With the breaking of the Communist rule, there emerged, among other architectural incongruent consequences, the gardens of ruins, stone gardens, in a way: specifically organized spaces where sculptures and monuments whose symbolic meaning expired, are collected. Inspirations that effigies had to provide before they were discarded, on a number of occasions were transformed into the didacticity of “look how terrible it was, how ugly, how megalomaniac, and how unstable and fleeting was their existence, as well as the existence of regimes which engendered them.” Such a park exists, for instance, in Moscow near the TsDKh, the Central House of Artist (Tsentralny Dom Khudozhnika; it retained its Soviet-time name), side by side with the agglomeration of the modern, quite amorphous and ugly, perhaps intentionally, contemporary sculpture. With their existence, they pose the question: To what extent and how ruins encode ideological meaning? They necessarily evoke the image of active construction, of practices that were at play at the time; of which they are mere husks. The splendor they once exuded is not lost, but transformed.

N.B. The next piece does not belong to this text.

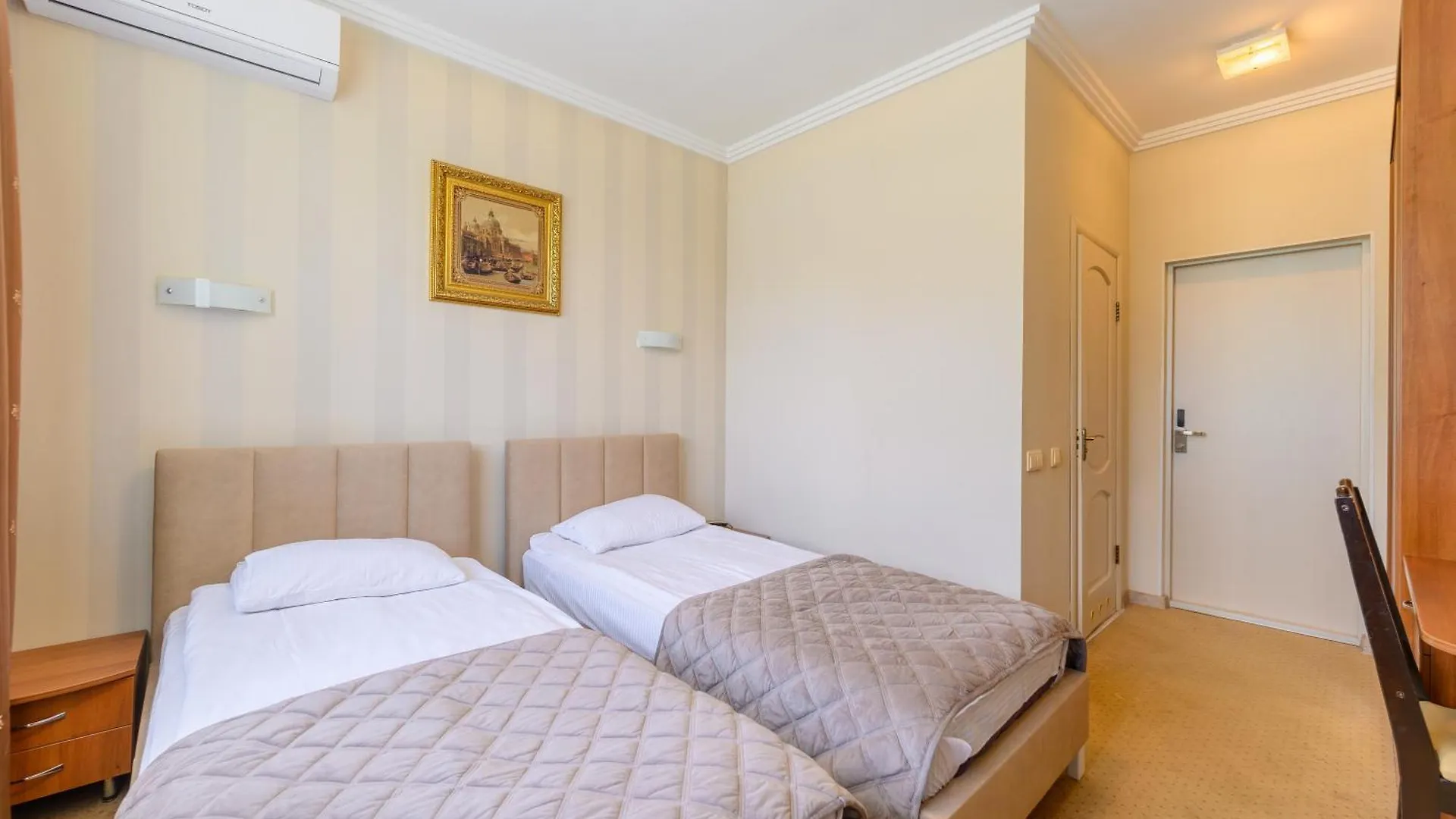 Persian Palace Hotel Kiev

The charmed garden of the broken statues of Lenin, Dzerzhinsky, Stalin, sickles and hummers, machine gears and five-arrowed stars on the backyard of what seems to be civilization, restores in the mind of the visitor the USSR of a never arriving future. The utopia of a country, where only the best images of life proliferated and replicated, such as young pioneers applying their puffed lips to the horns, with the scarlet reflections of the red flag on their slightly downed, gilded cheeks, is floating here vaguely. Yet it is also impossible to look at the heavy bronze monuments without recollecting devindividualized, often nameless, dehumanized bare life in barren landscapes of forced labor camps. Another vision is a columbarium of the party cemetery, the niches of which, for instance, on Novodevichie cemetery, are full of ashes of devoted Communists. The sculpture garden is a columbarium of monuments.
Ivan Petrovich Petukhov, the member of KPSS since 1904. The member of the former Society of Old Bolshevicks. (Novodevichie cemetery)

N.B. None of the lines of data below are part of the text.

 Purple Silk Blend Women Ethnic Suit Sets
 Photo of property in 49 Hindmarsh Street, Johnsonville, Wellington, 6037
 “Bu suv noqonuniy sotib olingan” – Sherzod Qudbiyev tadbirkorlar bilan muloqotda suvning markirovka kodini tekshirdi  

Once again, looking at the garden of ruins, one could not help but notes: a huge bronze sculpture of the USSR national emblem, stone embodiments of revolutioners and Bolshevicks’: Felix Dzerzhinsky by Vuchetich (the monument which was previously towering over Lubyanka square); Yakov Sverdlov by Ambarzumyan; Slalin by Merkurov; writer Maxim Gorky, and several incarnations of Vladimir Lenin; fallic symbols of nations’ friendship, along with compositions commemorating deeds of the military glory, some probably discarded for no good reason. Ironically or not, but certainly intentionally, “istukans” (“idols”) were gathered in vicinity of the modern memorial commemorating the repressed.

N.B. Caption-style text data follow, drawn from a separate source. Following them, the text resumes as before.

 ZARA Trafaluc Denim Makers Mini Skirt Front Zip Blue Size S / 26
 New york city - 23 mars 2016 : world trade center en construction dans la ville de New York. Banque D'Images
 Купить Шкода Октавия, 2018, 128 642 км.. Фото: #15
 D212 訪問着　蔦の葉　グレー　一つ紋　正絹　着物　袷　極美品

 In the spree of reconfiguring the space, unreasonable displacement of sculptures or acts of renaming happened on more than several occasions. Thus, when the names of the Moscow metro stations were changed massively, in the late 1980s and 1990s, exterminating the communist mapping of the city and replacing it with the map of the new times, the metro station Lermontovskaya, commemorating the name of the magnificent Russian poet Mikhail Lermontov, was wiped out from the plans. It was renamed to the supposedly historic Krasnie Vorota, The Red Gate, in honor of the triumphal arch above the ground, demolished in 1926 by Mossovet, the city administration of the Soviet government. Moscow palimpsest is the palimpsest of lacks, losses, glaring gaps and broken texture of a manuscript, rather than the palimpsest of careful obliteration of details and replacing them with new layers of meaning.